Only after the discharge has stopped will the Coast Guard allow the Valdez to enter shallower waters, probably near San Clemente Island, to remove five jutting steel plates from the ship’s bottom. Those plates have to be removed before the ship can clear the bottom of San Diego Bay to reach dry dock.
Company Officials Confident
Exxon officials remained confident Wednesday that the Valdez, the tanker responsible for dumping 11 million gallons of oil in Alaska’s Prince William Sound on March 24, will be able to enter San Diego Bay. But Coast Guard officials speculated that the logistics of stopping the leaks and cutting off the plates could delay entry for several weeks.
At a news conference, Exxon Shipping Co. President Frank Iarossi said: “I understand that people feel we failed on our pledge. But I want to tell you, that pledge still stands. We will not come into the bay until we are certain” the Valdez has stopped discharging materials.
Coast Guard officials also said Wednesday that they expect at least one more spill from the Valdez after the plates are removed and the ship moves out to sea for a final deballasting of the seawater in its tanks.
The uncertainty of when and if the discharge can be stopped and the likelihood of another spill have bolstered reluctance among state and federal officials to allow the ship to drop its plates in state waters near San Clemente Island.
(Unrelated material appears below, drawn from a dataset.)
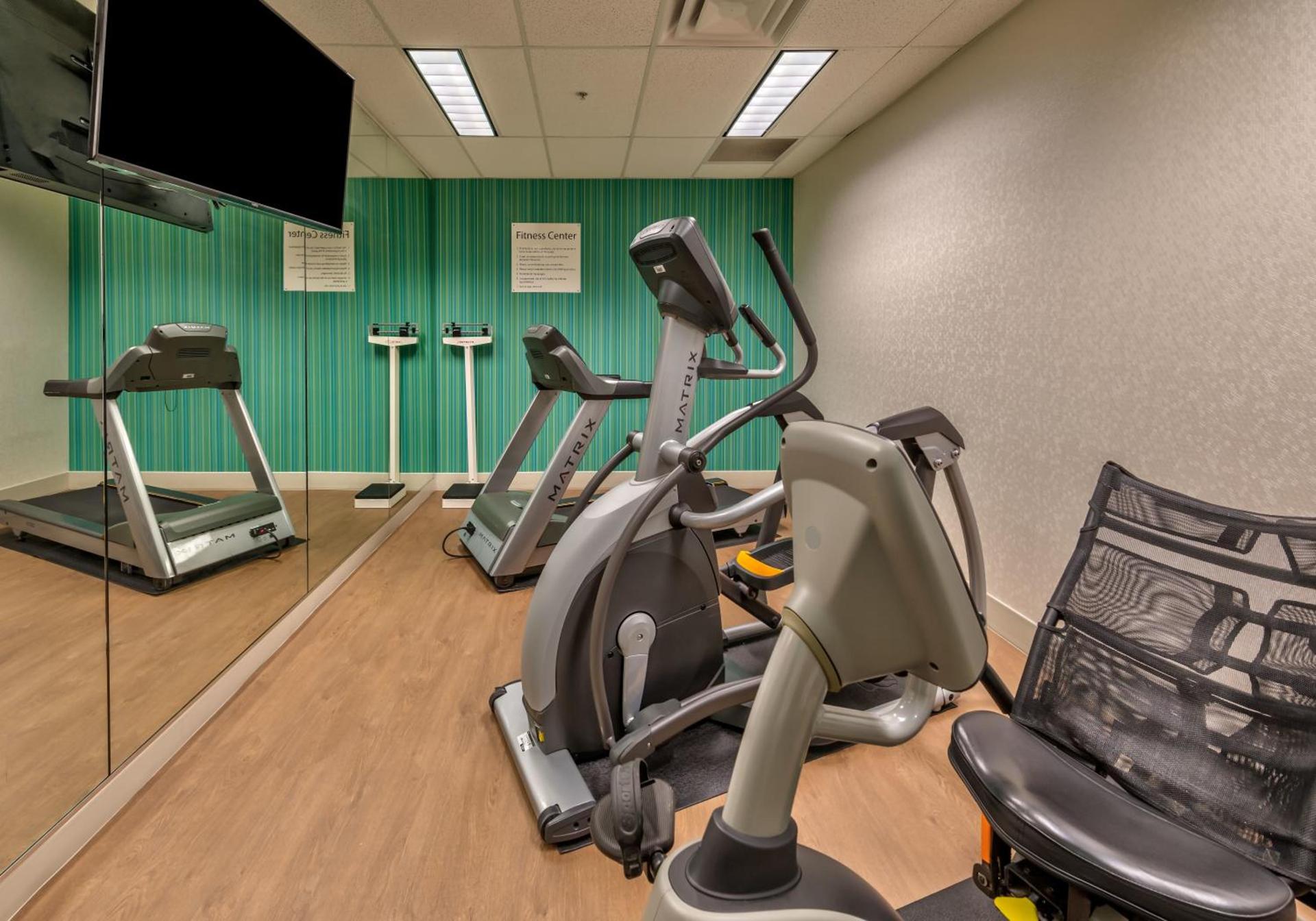 Holiday Inn Express Hotel & Suites Minden by IHG photo 7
Officials of the Coast Guard and the California Department of Fish and Game, which have the main decision-making power to allow the Valdez near San Clemente Island and into the bay, said the ship will have to stay out of both sites until they are satisfied the tanker will not leak any more oil.
Additionally, the State Lands Commission has joined the Coast Guard and other agencies in investigating the Valdez matter, and California Lt. Gov. Leo McCarthy and Controller Gray Davis, among other politicians, have expressed concern over the tanker.
State Fish and Game Director Pete Bontadelli arrived in San Diego on Wednesday afternoon to observe the Valdez and brief the media today.
By Wednesday afternoon, the small sheen trailing the crippled Valdez had all but dissipated, and the larger slick believed to have come from the ship had shrunk to a one-mile-long, 500-yard-wide patch. However, two smaller sheens were sighted near the tanker’s bow, the Coast Guard reported.
The ship was being towed at a speed of about one knot westward from San Diego, and the government of Mexico has expressed concern about the tanker drifting toward its waters.